Grimm City

[Image: Grimm City University from Grimm City by Flea Folly Architects].

Later this summer, London’s Flea Folly Architects—Pascal Bronner & Thomas Hillier—will be running a workshop in what they broadly call “narrative architecture” at the Tate Modern.

“What would a town inhabited by Salvador Dali, Pablo Picasso, Alexander Calder and Man Ray look like?” they ask. “Taking inspiration from works in the Tate collection, in particular the speculative etchings by architects Alexander Brodsky and Ilya Utkin and paintings by the Surrealists, our objective is to design and build a fictional miniature village made entirely from paper.”

Their own project, Grimm City, is perhaps an example of what might result.

[Image: The Barometer from Grimm City by Flea Folly Architects].

As architect CJ Lim describes it in his introduction to the project in a gorgeously produced, limited print-run hardcover catalog, as “Grimm City is a future state derived from architectural extrapolations of the fairytales by the Brothers Grimm.”

That is, it is an elaborate narrative disguised as a city—a story given urban form.

[Image: The Bremen Town-Musicians from Grimm City by Flea Folly Architects].

Bronner and Hillier explain that the “blueprint” for their city was “conceived in ink exactly 200 years ago,” and “was shaped by 86 magnificent tales collected by two of the most distinguished storytellers of their time.”

They are referring, of course, to the Brothers Grimm.

[Images: Two views of the Church and the neighboring Destruction Structure from Grimm City by Flea Folly Architects].

Briefly, in what now feels like another lifetime, when I was backpacking through Germany after graduating from college, I made a beeline to the small city of Marburg after reading that it was a university town overlooked by an 11th-century fort—and that it was also once home to the Brothers Grimm.

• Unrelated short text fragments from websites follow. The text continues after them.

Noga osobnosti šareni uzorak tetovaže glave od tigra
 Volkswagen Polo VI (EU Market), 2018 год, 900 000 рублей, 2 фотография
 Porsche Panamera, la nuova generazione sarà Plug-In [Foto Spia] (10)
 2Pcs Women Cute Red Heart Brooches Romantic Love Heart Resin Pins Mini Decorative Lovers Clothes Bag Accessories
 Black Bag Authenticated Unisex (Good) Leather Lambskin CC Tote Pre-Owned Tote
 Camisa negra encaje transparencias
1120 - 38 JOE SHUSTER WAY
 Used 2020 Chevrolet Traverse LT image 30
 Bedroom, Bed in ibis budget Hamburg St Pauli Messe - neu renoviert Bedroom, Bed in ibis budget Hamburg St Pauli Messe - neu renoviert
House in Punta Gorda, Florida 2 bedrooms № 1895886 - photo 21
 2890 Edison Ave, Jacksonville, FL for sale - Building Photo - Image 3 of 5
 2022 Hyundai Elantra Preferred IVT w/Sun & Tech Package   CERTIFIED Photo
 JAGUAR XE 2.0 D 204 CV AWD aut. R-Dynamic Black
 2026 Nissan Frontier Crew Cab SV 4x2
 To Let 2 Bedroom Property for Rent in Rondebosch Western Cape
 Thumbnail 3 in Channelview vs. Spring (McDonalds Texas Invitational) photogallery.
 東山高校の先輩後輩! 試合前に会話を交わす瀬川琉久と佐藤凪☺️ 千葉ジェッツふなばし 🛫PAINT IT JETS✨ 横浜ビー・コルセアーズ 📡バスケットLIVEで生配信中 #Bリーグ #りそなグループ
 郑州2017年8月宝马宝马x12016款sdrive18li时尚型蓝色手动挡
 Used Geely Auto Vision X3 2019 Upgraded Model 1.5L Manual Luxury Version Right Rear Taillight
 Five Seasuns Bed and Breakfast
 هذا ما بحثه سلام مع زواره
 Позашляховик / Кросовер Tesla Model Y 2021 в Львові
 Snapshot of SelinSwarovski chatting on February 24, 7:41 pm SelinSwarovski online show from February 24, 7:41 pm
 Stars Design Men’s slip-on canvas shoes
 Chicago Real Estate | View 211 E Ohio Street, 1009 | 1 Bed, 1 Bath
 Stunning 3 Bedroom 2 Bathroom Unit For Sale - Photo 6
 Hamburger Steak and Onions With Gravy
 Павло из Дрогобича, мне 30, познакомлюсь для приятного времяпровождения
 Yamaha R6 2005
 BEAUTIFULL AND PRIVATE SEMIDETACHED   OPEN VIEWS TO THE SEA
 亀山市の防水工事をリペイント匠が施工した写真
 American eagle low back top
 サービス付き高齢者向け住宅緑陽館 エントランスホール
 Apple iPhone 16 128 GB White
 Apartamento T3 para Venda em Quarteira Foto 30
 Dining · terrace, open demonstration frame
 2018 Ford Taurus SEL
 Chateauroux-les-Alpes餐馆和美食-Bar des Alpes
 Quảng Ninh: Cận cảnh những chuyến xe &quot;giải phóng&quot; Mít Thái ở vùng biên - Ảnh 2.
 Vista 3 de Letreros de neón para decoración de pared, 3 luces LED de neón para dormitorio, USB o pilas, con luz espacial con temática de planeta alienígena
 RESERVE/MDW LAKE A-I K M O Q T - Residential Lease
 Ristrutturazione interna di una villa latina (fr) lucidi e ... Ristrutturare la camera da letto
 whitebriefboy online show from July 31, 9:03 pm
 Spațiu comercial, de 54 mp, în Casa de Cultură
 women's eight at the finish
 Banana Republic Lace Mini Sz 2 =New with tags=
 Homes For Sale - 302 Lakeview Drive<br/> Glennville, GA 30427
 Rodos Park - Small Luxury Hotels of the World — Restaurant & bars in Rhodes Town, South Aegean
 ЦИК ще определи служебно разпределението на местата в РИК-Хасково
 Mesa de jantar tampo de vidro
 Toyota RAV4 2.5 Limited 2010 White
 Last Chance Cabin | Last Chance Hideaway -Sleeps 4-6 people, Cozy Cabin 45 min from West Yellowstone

I showed up by train and spent a few days there, mostly reading Grimm stories, feeding ducks, and walking around the roads that spiraled up to the castle; and I later learned, with equal interest, that one of the weird coincidences of history would make Marburg the same city where a strain of hemorrhagic fever would be isolated.

The disease, which is now rather straight-forwardly called Marburg, seems a fittingly strange continuation of the stories of the Brothers Grimm, in terms of the dark and often fatal transformations humans can undergo.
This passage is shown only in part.